What defines what truly makes someone a contractor?
A business may assume that just because they are being paid by invoice, and the person is taking responsibility for their taxes, ACC or GST payments that they are a contractor.
In brief, there are 4 tests that determine if someone should be treated as a contractor:
(a) Intention test – this is usually determined from the wording in the parties’ written agreement, but can also include verbal agreements
(b) Control vs independence Test - the greater the control exercised over the person’s work content, hours and methods, the more likely it is that a person is an employee. A worker with greater freedom to choose who to work for, where to work, when to work, the tools used and so on, is more likely to be a contractor.
(c) Integration Test - this looks at whether the work performed by the person is fundamental to the employer’s business (and whether they are ‘part and parcel’ of the organisation). Usually work performed by a contractor is only a supplementary part of the business.
(d) Fundamental/economic reality test – this looks at the total situation of the work relationship to determine its economic reality, and whether a person is in business on their own account. This may include elements such as being able to advertise their services, set their own fees, whether they accept work, or whether they can accept work from multiple sources.

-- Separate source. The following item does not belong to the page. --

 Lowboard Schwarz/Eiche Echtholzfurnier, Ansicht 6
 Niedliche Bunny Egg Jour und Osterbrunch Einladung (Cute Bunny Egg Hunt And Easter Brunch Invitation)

Due to the fluidity of the factors, the relationship is not static. It might start out as a contractor relationship, and then morph into an employment relationship if, for example, if the business starts exercising a great deal more control over the person’s activities.
My business currently utilises independent contractors – what should I do?
As outlined above, the consequences of a declaration of employment status can be considerable, particularly if several contractors obtain declarations at the same time.
As a business owner, this is a perfect opportunity to take a stock-take of your contractors. Karyn Gould suggests, you may also want to use this opportunity to stock-take other aspects of the relations, such as, whether you have a current signed copy of your Health and Safety Agreement with your Contractor. These types of documents also need to be reviewed and updated on a regular basis to ensure that you meet your legal obligations.
Make a list of your contractors, their purpose and their terms of engagement with you. Evaluate any gaps, and engage in conversations to minimise or fill these gaps.
Where you could be in a situation, where you are unsure of whether the person could be considered a contractor or an employee, seek advice before speaking with them on the topic.
Where you do believe, the relationship is in fact an employment relationship, then you will need to engage in a process to either transition them from contractor to employment terms, or renegotiate the ways of working so that it truly forms a contractor relationship. This can be a complex process, as rates of pay can be disparate between employees and contractors, due to factors like paid leave entitlements; and/or a contractor may also gain benefits from certain tax deductions, which they may not want to lose. Be sure to be open, transparent, and work constructively to negotiate a way forward.
Another option could be to consult with an HR consultant or employment lawyer and obtain an independent opinion or how your contractors may be viewed under the law, and the approach you could take to make any corrections.
(Note: The Tripartite Working Group on Better Protections for Contractors has presented its recommendations for the Government to consider. Expect further changes in the near future).